8. Import and Export¶
In order to apply RDFox’s querying and reasoning capabilities to a given data
set, the data must first be loaded into RDFox together with any applicable
rules and axioms. Small amounts of data may be loaded using SPARQL INSERT
DATA
statements, but in most cases it is preferable to import the content
from one of the supported formats. Later, it may be necessary to extract
content from RDFox in one of these formats, and the most efficient way of
achieving this is to use the export operation. This section begins by listing
the formats supported by RDFox for import and export and then looks at the
specifics of each of these operations in turn.
8.1. Data Store Content Formats¶
The following formats can be imported into or exported from RDFox data stores.
The N-Triples format has MIME type
application/n-triples
.The Turtle format has MIME type
text/turtle
.The N-Quads format has MIME type
application/n-quads
.The TriG format has MIME type
application/trig
.The OWL 2 Functional-Style Syntax format has the MIME type
text/owl-functional
.RDFox supports proprietary formats
application/x.gen-n-triples
,text/x.gen-turtle
,application/x.gen-n-quads
, andapplication/x.gen-trig
which extend the corresponding standard formats by support for generalized triples and quads (i.e., triples/quads where any component can be an IRI, a blank node, or a literal).RDFox uses a proprietary format described in Section 10.4 to capture datalog rules and facts. The MIME type of this format is
application/x.datalog
.
Note
The list of MIME types supported for import and export of data store content
can also be viewed using the help
command in the RDFox shell.
8.2. Import¶
This section describes how facts, rules and axioms may be imported into RDFox data stores.
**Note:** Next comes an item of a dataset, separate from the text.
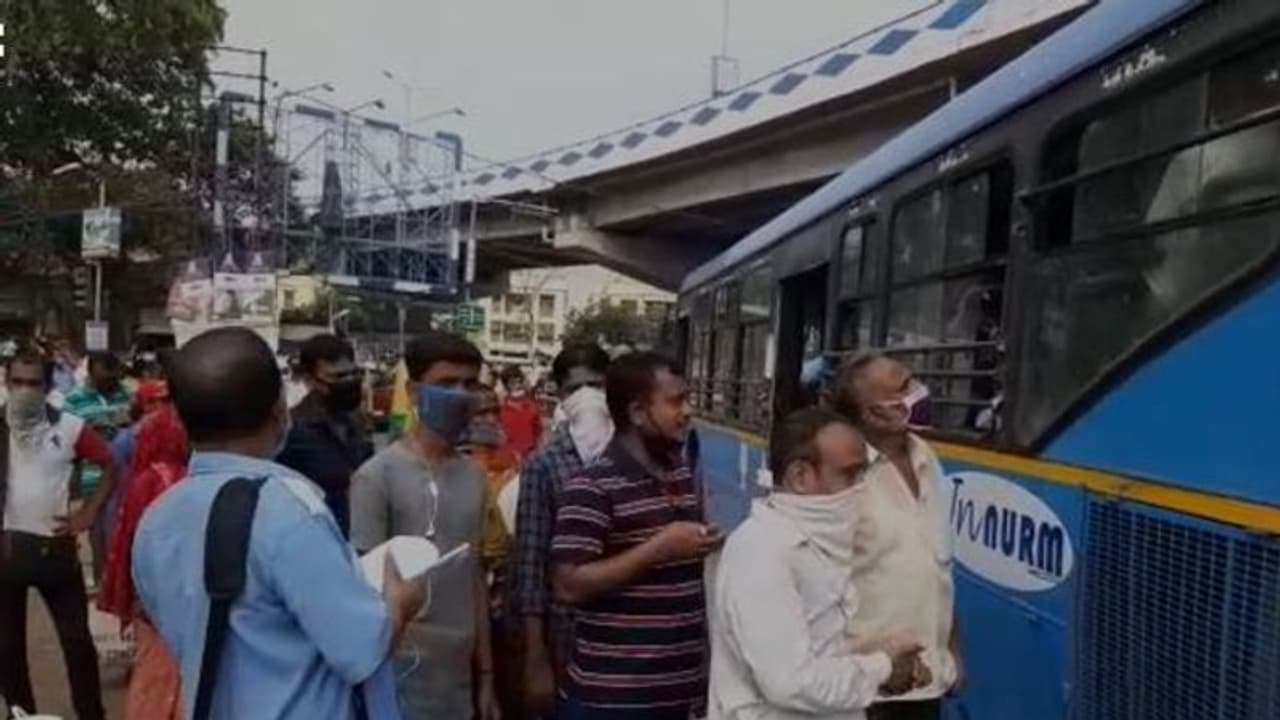 শনিবারেও বেসরকারি বাস সেভাবে রাস্তায় নামেনি, চরম দুর্ভোগে যাত্রীরা শনিবারেও বেসরকারি বাস সেভাবে রাস্তায় নামেনি, চরম দুর্ভোগে যাত্রীরা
The goal is to help users understand those aspects of import operations that are true no matter which interface (such as the RDFox shell, REST or Java) is used. If you are looking for details of how to perform an import using a specific interface, please refer to Section 15.2.23 for the RDFox shell or to Section 16.8 for the REST or Java APIs. Reading this section first will help you make sense of the various options available in those sections.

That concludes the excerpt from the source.